People ask questions for her to answer, and they choose as many questions as they can, and all of them seemed so meaningful. That's the cool thing, when you all think the same way, everything you need to hear comes up because you are all in the same place emotionally, vibrationally. Teal discussed not abandoning ourselves, and putting ourselves first, loving ourselves and listening to our heart. So many of us put others first, and pushed our own self aside. I know now to not do that any longer. I finally get it. She also spoke about our core imprint, many of us felt it was abandonment. She spoke of why we would feel that way, and how we want to feel now, and how that serves as our life purpose. She spoke about many things we have all been talking about the past few weeks, but was able to dive down deeper into them, and be more thorough for us to learn from. She is such a teacher, an amazing teacher to be here now on earth as we are all growing and changing so rapidly. We are transforming fast, all of us, I see it, I feel it, it's so exciting. I have connected with the best people ever from her, through her, and my life will never be the same. I want to help be the change, I want to reach the kids like Teal is reaching the adults. That is why I have started to write some children's books, it may be time to take it seriously now, and finish them, get them illustrated and published. I wanted to try to illustrate them myself, but may be difficult for me, never doing this type of art before. But I totally love art, I always have, it has served me well. It has guided my self esteem, and helped to express myself, and kept my hands busy. I really enjoy drawing, and want to take some art classes now. Also wanting to take a pottery class, preferably the wheel, so much fun art is!

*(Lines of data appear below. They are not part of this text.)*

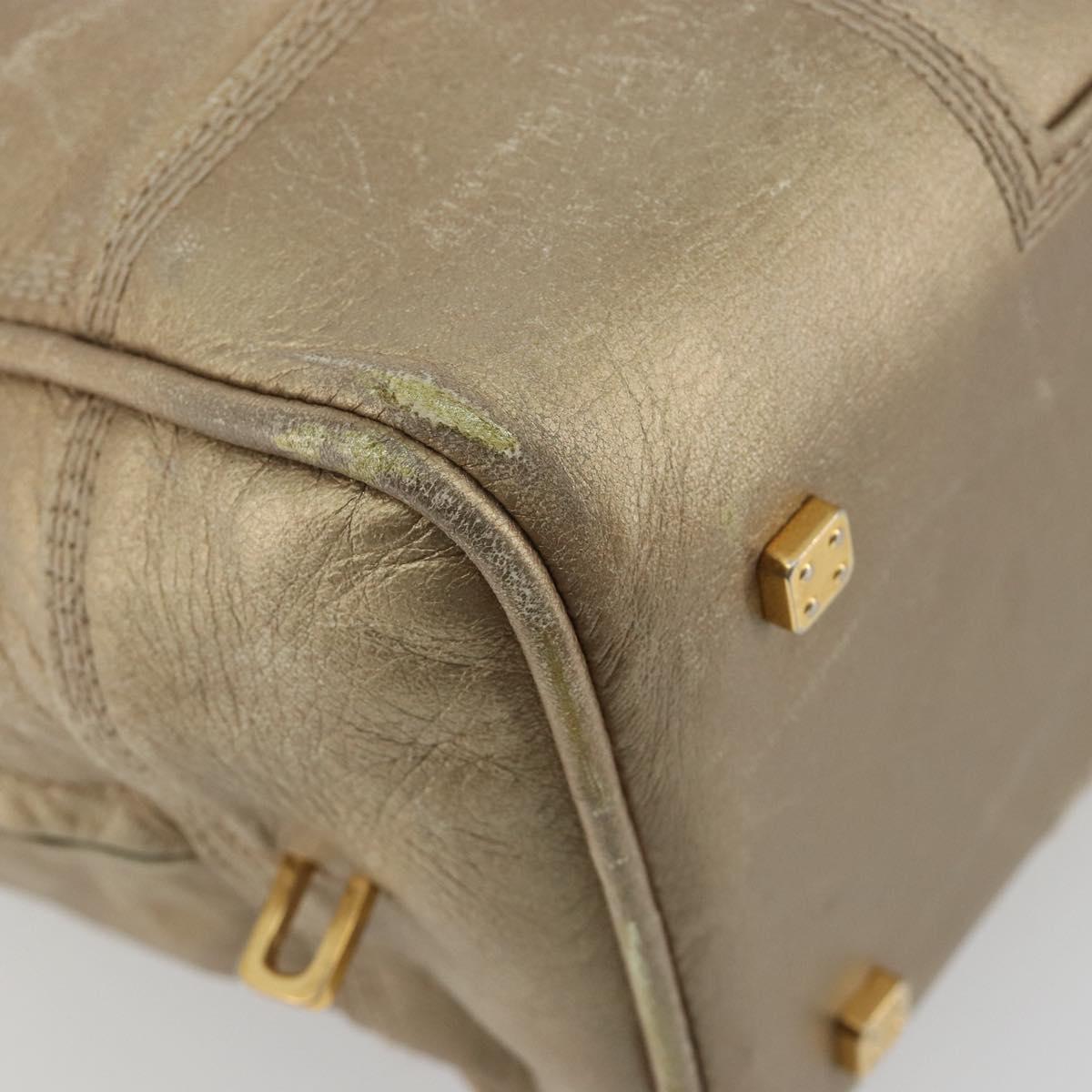 LOEWE Anagram Amazona 36 Hand Bag Leather Gold Auth 190941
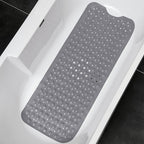 Alfombrilla Antideslizante 101x40 cm con Ventosas para Ducha y Baño, Alfombra de Seguridad, Drenaje de Agua, Higiénica, Extra Larga para Baño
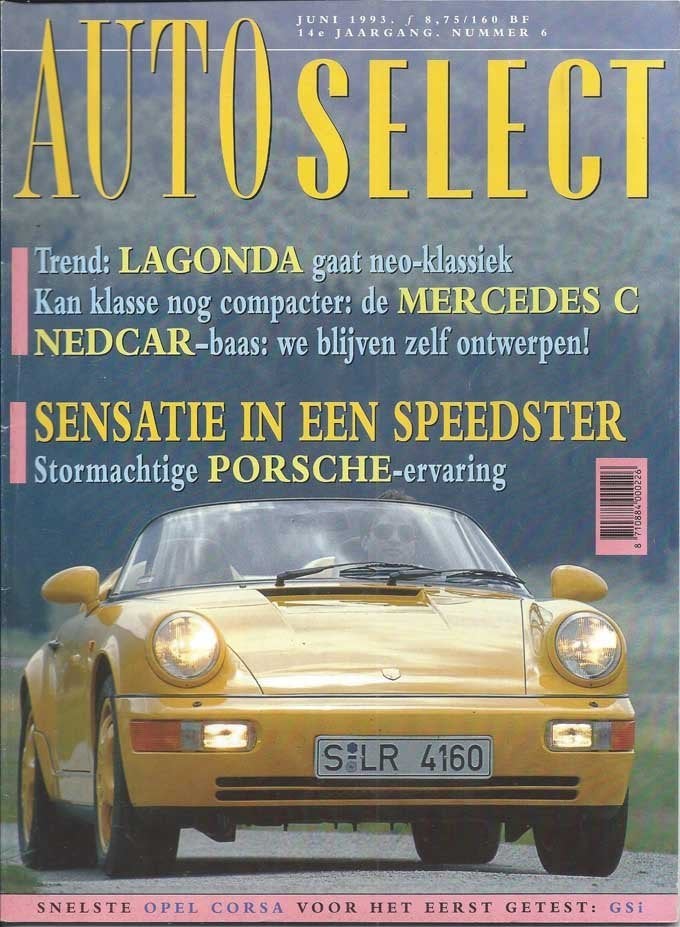 Autoselect 6 1993 : Opel Corsa GSI 16V - Porsche 911 Speedst, Ophalen of Verzenden, Gelezen, Algemeen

I am so thrilled I got to hang out with Teal and Sarbdeep today, watching them is just like being next to them, I can't explain it. Teal even said she does connect with people out of body, and yes it is real, we are communicating with her! How real and awesome is that! So, now my new thing is to work on getting out of body at night before bed.
Namaste
After being a single mother of three for ten years, they are now growing, spreading their wings to fly. And I am now left in an entire new life, one of uncertainty. I will learn to embrace it, and find my way now, my other calling and purpose in life, and on the road to self love, a new road for me!
Wednesday, August 27, 2014
Friday ~ Day 25
Hello Everyone ~
So, it's Friday, I had an awesome day at the beach with some of my family yesterday. My niece was in town from Chicago, with her husband and two boys I love. They came to the beach, along with my brother, his wife, and their other daughter, along with her fiance and two boys as well. It was such an awesome day at the beach, I always love seeing my family, any of them. But, don't enjoy them anymore if they throw me digs, which I won't allow myself to do any longer because I am on a self love, follow your bliss journey, and there is no room for negative anyone, family included. I no longer feel bad, but actually relieved because I was in denial about my family, thinking they are "so great, so supportive and so loving and giving", but the truth is, they are not. Oh well, it's okay, I will always love them, and if our paths cross again, I will be there with open arms. The cool thing is I know this is "magically" happening, because the Universe knows my energy shifted, and I am no longer a match to that abuse. Yay for me! So empowering to me, and the best thing is, I only have love and peace for them. There is a saying, "May all beings, animals, trees, etc., be free of suffering". I love it.
I also sat down and watched some of Teal and Sarbdeep's Podcast #20 yesterday, and it was all about finding your "core imprint", and finding you life purpose with that information. I only watched part of it, but it went along with her "Ask Teal" video from Saturday, and her blog this week. It's cool how there is always a theme, one that we all seem to be going through at this time. As I went back to my birth, wow, I had a lot of visions of not feeling wanted, not feeling loved. I cried a lot of tears over this last night.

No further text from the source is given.